Антон Шагин – это боль моя, потому что я его считаю гениальным актером. Открыл его Миндадзе, как и многих. Во всяком случае, его масштаб актерский открыл Миндадзе. В самом внятном фильме Миндадзе «В субботу» (он мне кажется недостаточно радикальным), в фильме о Чернобыле, где его сквозная тема, тема катастрофы, доведена до невероятной полноты и какого-то физического ощущения тревоги и неблагополучия, – так вот, Шагин там сыграл гениально.
И после этого практически все, что он делал – в «Стилягах», например, или в не сильно нравящихся мне «Бесах», где он сыграл Петрушу Верховенского, – он там выглядел необычайно сильным и органичным актером. Он мне неоднократно звонил читать свои стихи. Стихи у него абсолютно неграмотные (то есть лишенные гладкости формы), но очень талантливые, тоже по такому ассоциативному потоку. Вообще он очень талантливый и разнообразный человек.

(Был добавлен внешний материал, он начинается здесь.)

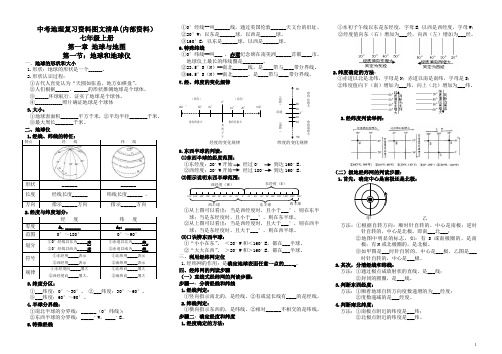 2019年(人教版)七年上中考地理复习资料图文清单(PDF版 无答案)
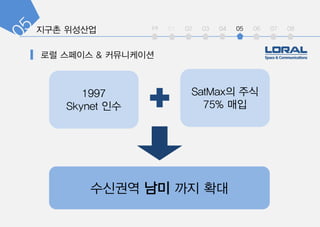 int 01 02 03 04 05 06 07 08
???? ?? ?? ??
1997
Skynet ??
SatMax? ??
75% ??
 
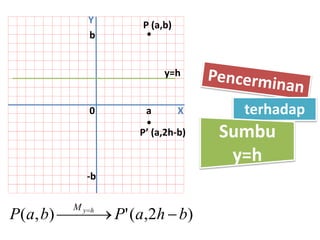 )2,('),( bhaPbaP hyM
  
terhadap
Sumbu
y=h
a
b
0 X
Y
-b
P (a,b)
P’ (a,2h-b)
y=h
 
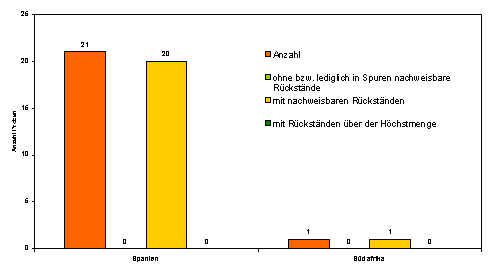 Abbildung 1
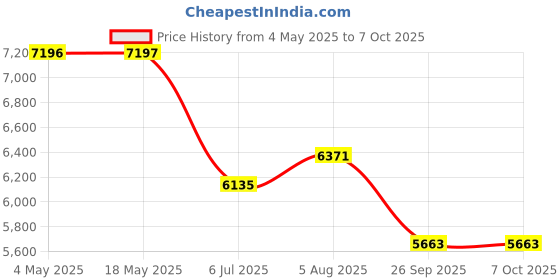 industrybuying.com RS PRO Double Row Angular Contact Ball Bearing Inner Dia 45 mm Outer dia 85 mm Width 30 mm 2058799 rs pro Price History Graph from 4 May 2025 to 7 Oct 2025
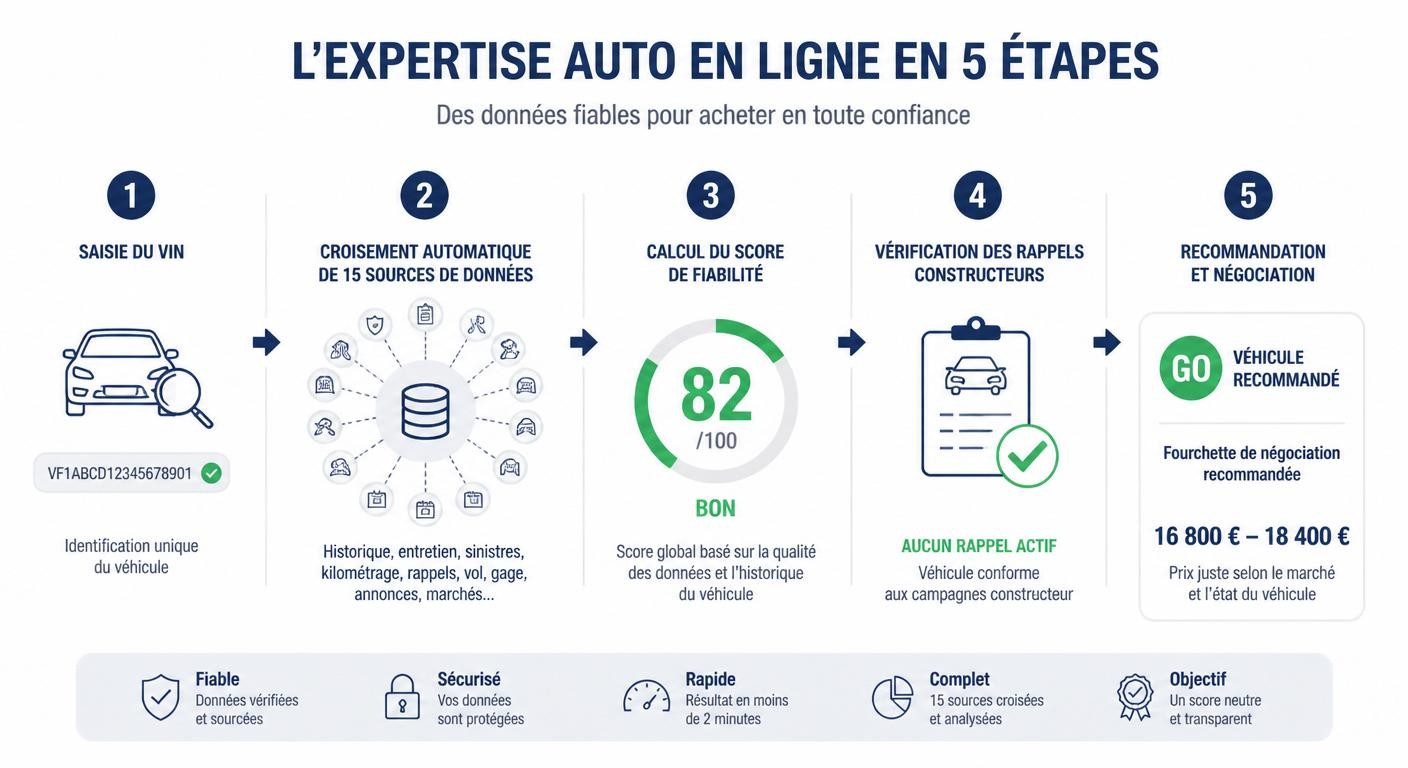Schéma des 5 étapes d'une expertise automobile en ligne avant achat d'occasion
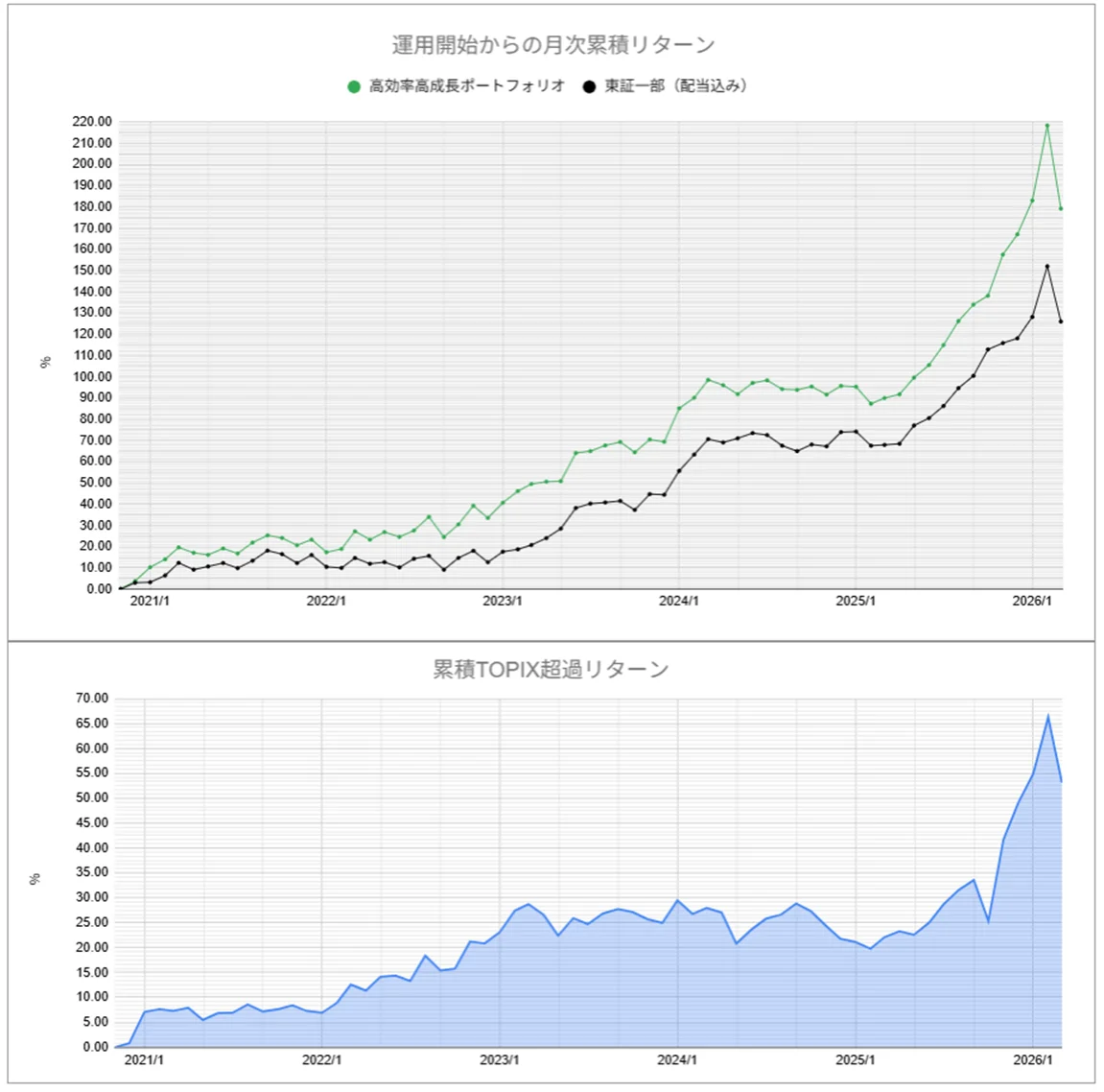 運用実績トップ戦略月次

Что я точно знаю про Шагина – так это то, что его нынешний приход в патриотический лагерь – это временное явление. Его будет метать по жизни очень широко, он будет носить разные взгляды, примирять разные взгляды. И не потому, что он конъюнктурщик. А потому что у него присутствует эта счастливая способность перерастать себя, брать на себя новые функции. Он точно будет меняться, как будет меняться его амплуа и темперамент актерский. Но он далеко еще не достиг пика, не достиг середины земного странствия, как помните, у Данте? Он не сказал еще главного слова, он пока не сказал и не сделал ничего, что позволило бы мне окончательно вычеркнуть и забыть его.
Есть люди, которых я окончательно воспринимаю как покойников, действующих после смерти. Духовно они умерли. Но Шагин не из этого числа, он, наоборот, очень живой.